● **THE PROBLEM**: Where the lines below hold images, skip those and copy every word exactly.
┌─ INFORMATION PROVIDED
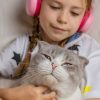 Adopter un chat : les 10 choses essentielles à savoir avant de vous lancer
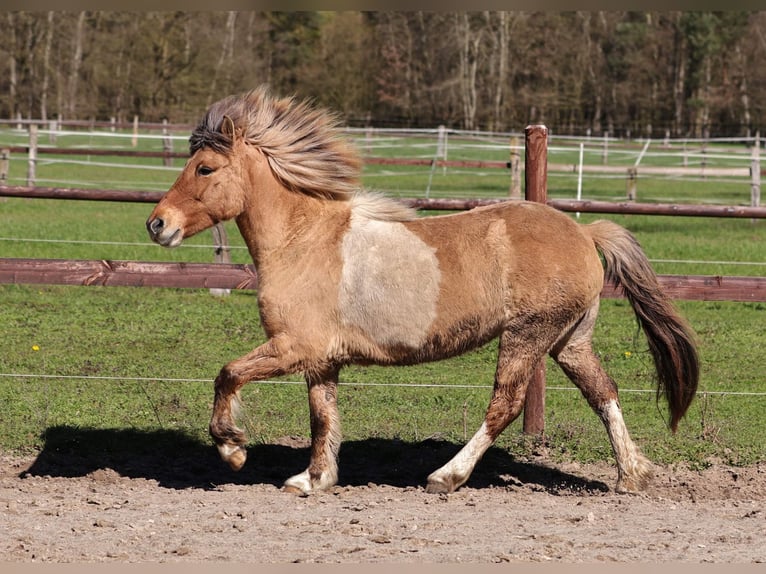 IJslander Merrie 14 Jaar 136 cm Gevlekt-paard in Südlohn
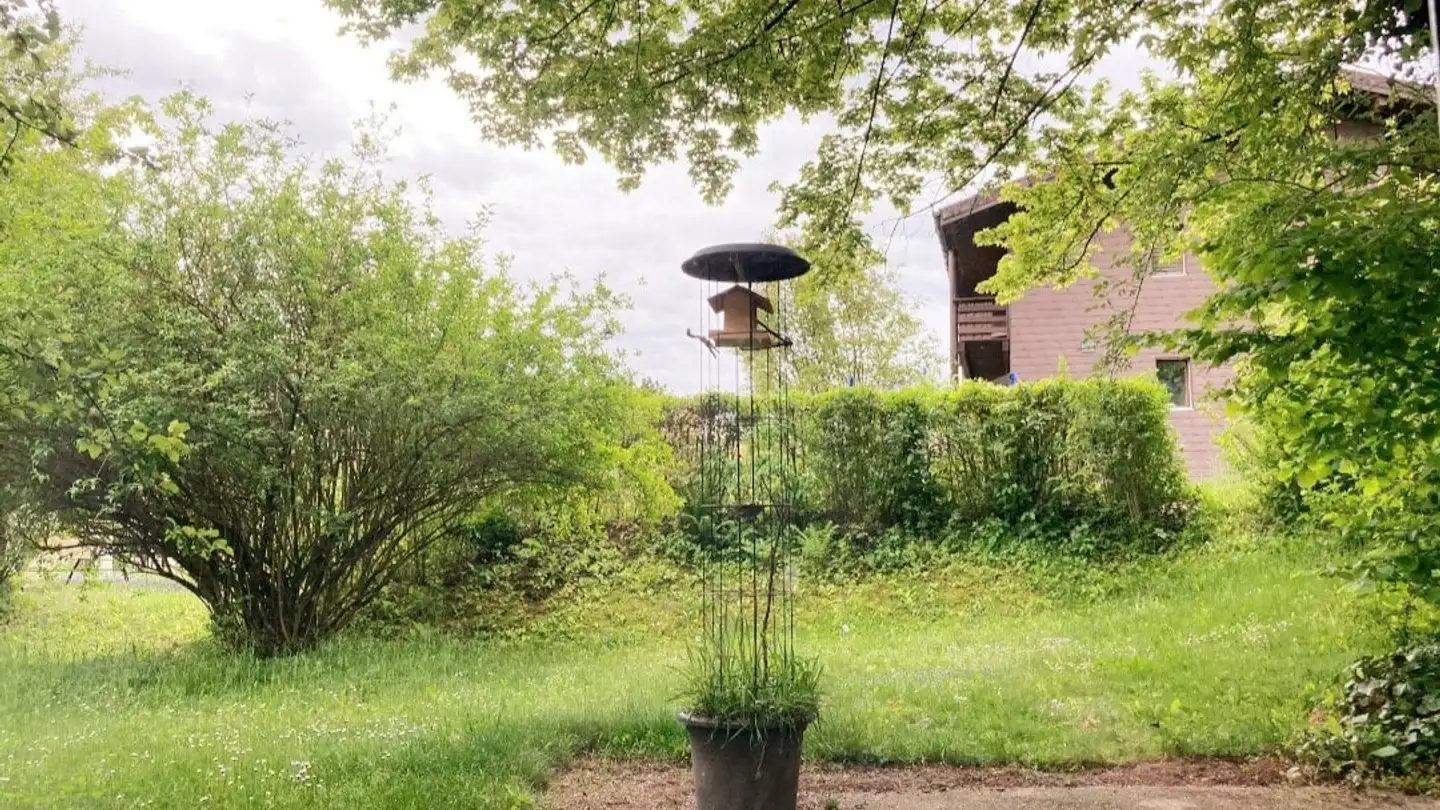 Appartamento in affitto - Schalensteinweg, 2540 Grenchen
└─
● **ANSWER FOR THIS EXERCISE**:
 Adopter un chat : les 10 choses essentielles à savoir avant de vous lancer
 IJslander Merrie 14 Jaar 136 cm Gevlekt-paard in Südlohn
 Appartamento in affitto - Schalensteinweg, 2540 Grenchen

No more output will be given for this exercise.